*** Opening of Data extract ***

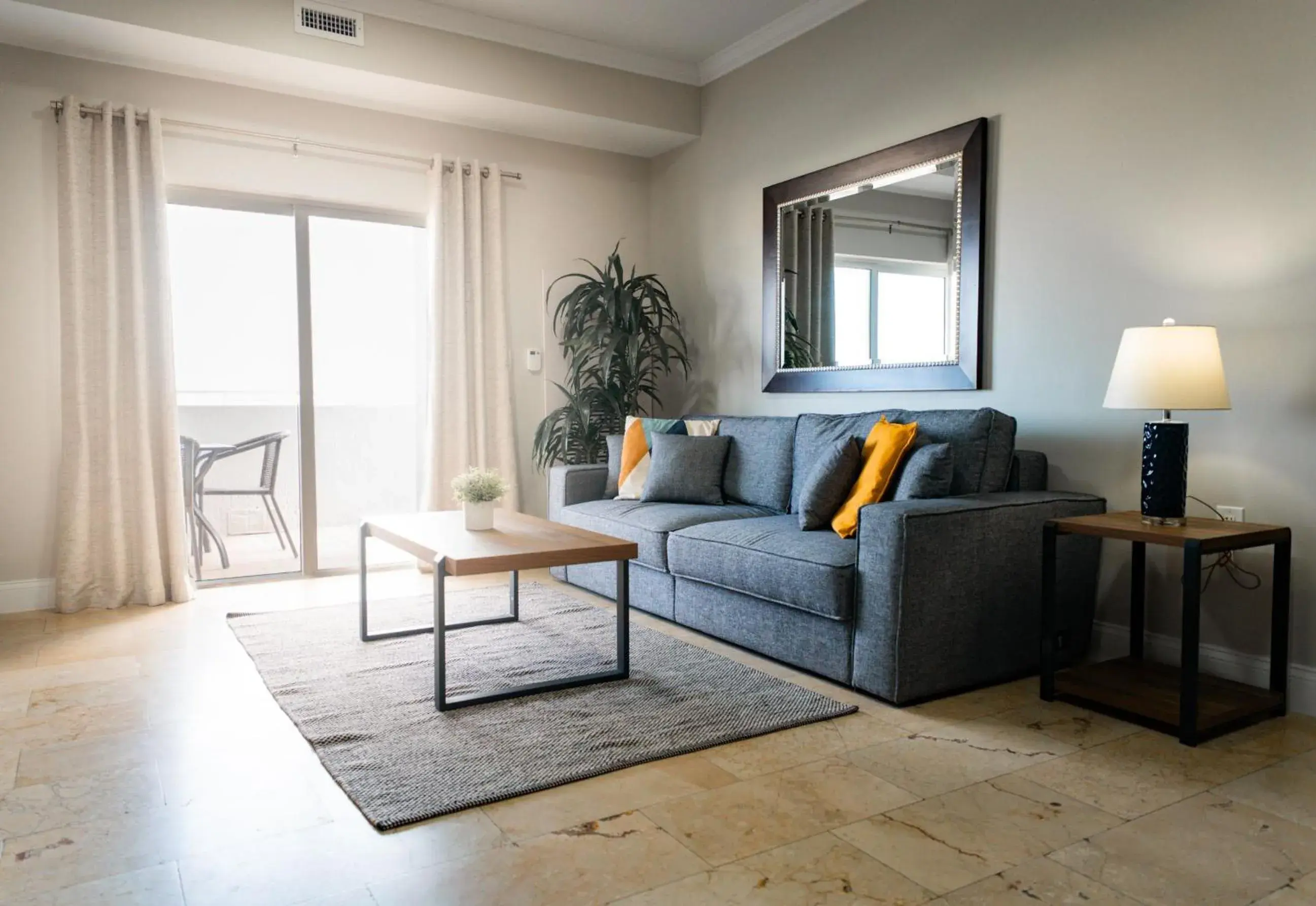 Living room in Nuvo Suites Hotel - Miami Doral Living room in Nuvo Suites Hotel - Miami Doral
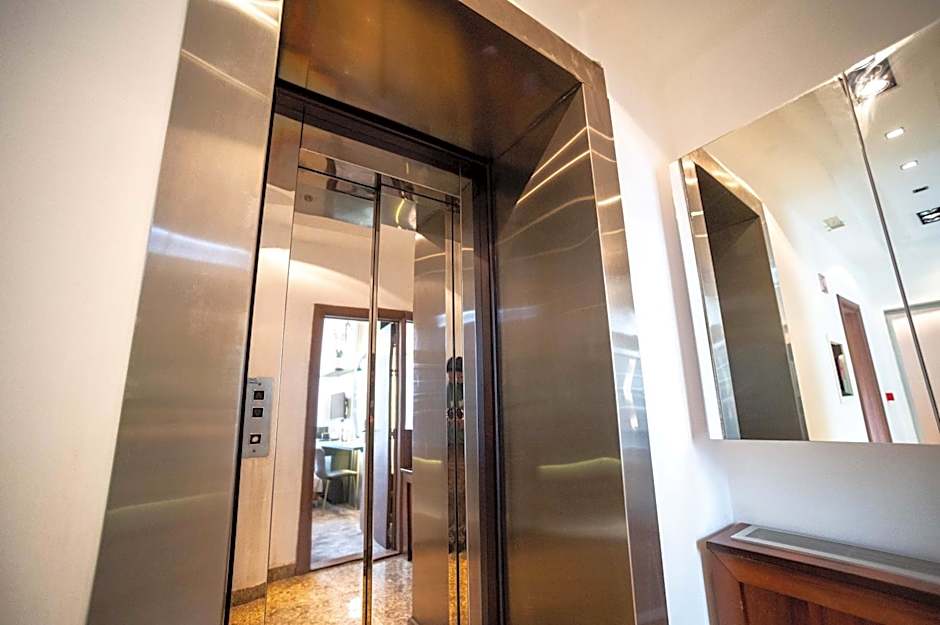 Natali luxury suites- mini rooms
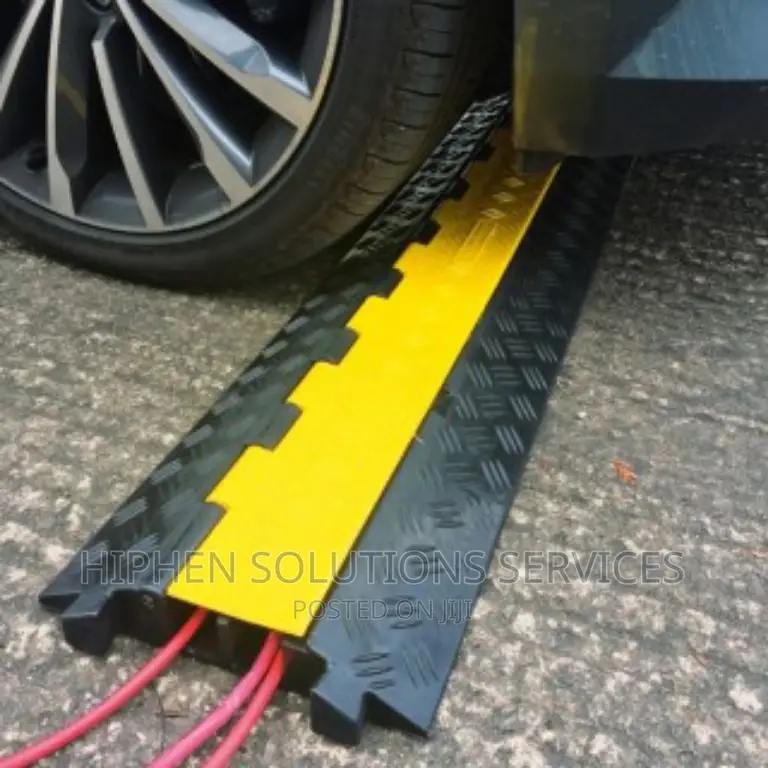 Heavy Duty Traffic Speed Bump Hose Cord Protective Cover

*** Close of Data extract ***

**About this task**. What the answer must hold: all the data above, given again exactly, without pictures.

**Final answer**.
 Living room in Nuvo Suites Hotel - Miami Doral Living room in Nuvo Suites Hotel - Miami Doral
 Natali luxury suites- mini rooms
 Heavy Duty Traffic Speed Bump Hose Cord Protective Cover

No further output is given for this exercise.